We will now fit a mixed effects (ME) model. Zuur et al. used the nlme package in R, but Douglas Bates now has a newer package that is widely used and that is called lme4. The benefits of lme4 include greater flexibility in the structure of the random effects, the option to use non-Gaussian error structures (for generalized linear mixed effects models, or GLMMs), and more efficient code to fit models. The main difference between nlme's lme() function and the lmer() function in lme4 is in how random effects are specified:

model <- lmer(response ~ explanantoryvars + (1|random), data=mydata) # a random intercept model

model <- lmer(response ~ explanantoryvars + (slope|random), data=mydata) # a random intercept and slope model

One of the frustrations some people run into is that the lme4 package doesn't provide p-values. This stems from disagreements and uncertainty about how best to calculate p-values. However, if p-values are important to you, approximate p-values can be derived from the lmerTest package

```{r}
# install.packages('lme4') # if needed
# install.packages('lmerTest') if needed
require(lmerTest)
```

## Step 4. Fit the "beyond optimal" ME model(s)
Use lmer() in the lme4 package (transformed spore density is response, fInfection01, sBeesN, and interaction are the explanatory variables). 

### Q6. Show your code.
```{r beyond optimal model}
#type your code here
```


## Step 5. Compare the linear regression and ME model(s) with a likelihood ratio test.
Include correction for testing on the boundary if needed. Use the anova() command. This will re-fit your lmer model with maximum likelihood, but this is OK (note there are some debates about exactly how to best compare an lm and lmer model). Show your work and the results. 
```{r LRT}
#type your code here

```

### Q7. Which random effect structure do you choose based on the results?
type your answer here


## Step 6. Check the model
Plot standardized residuals vs. fitted values and vs. each predictor. (You can get standardized residuals with residuals(yourmodel, type='pearson')). 
```{r check}
#type your code here

```

### Q8. How do they look?
type your answer here


## Step 7. Re-fit the full model with ML
Use REML=FALSE and compare against a reduced model without the interaction term, also fit with ML. Use anova() to compare the models. 
```{r refit}

```

### Q9. Which model do you choose?
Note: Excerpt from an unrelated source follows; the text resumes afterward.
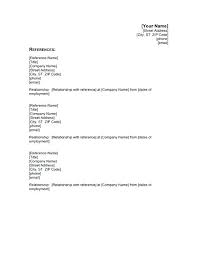 Reference Page Template Resume Format Of A Resume Example Of And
Why?
type your answer here


## Step 8. Iterate Step 7 to arrive at the final model. 
Show your work. 
```{r simplification}
#type your code here

```

### Q10. What is your final set of fixed effects?
type your answer here


## Step 9. Fit the final model with REML. 
Check assumptions by plotting a histogram of residuals, plotting Pearson standardized residuals vs. fitted values, and plotting Pearson standardized residuals vs. explanatory variables. 
```{r check assumptions}
#type your code here

```

### Q11. Are there issues with the model? If so, how might you address them?
type your answer here


## Step 10. Interpret the model. 
The summary() command is useful here. 
```{r summary}
#type your code here

```

### Q12. What have you learned about American Foulbrood? 
type your answer here


Calculate the correlation between observations from the same hive as variance(fhive random effect)/(variance(fhive random effect) + variance(residual)). 
```{r correlation}
#type your code here

```

### Q13. Given the correlation among observations from the same hive, do you think it's a good use of time to sample each hive multiple times? Why or why not?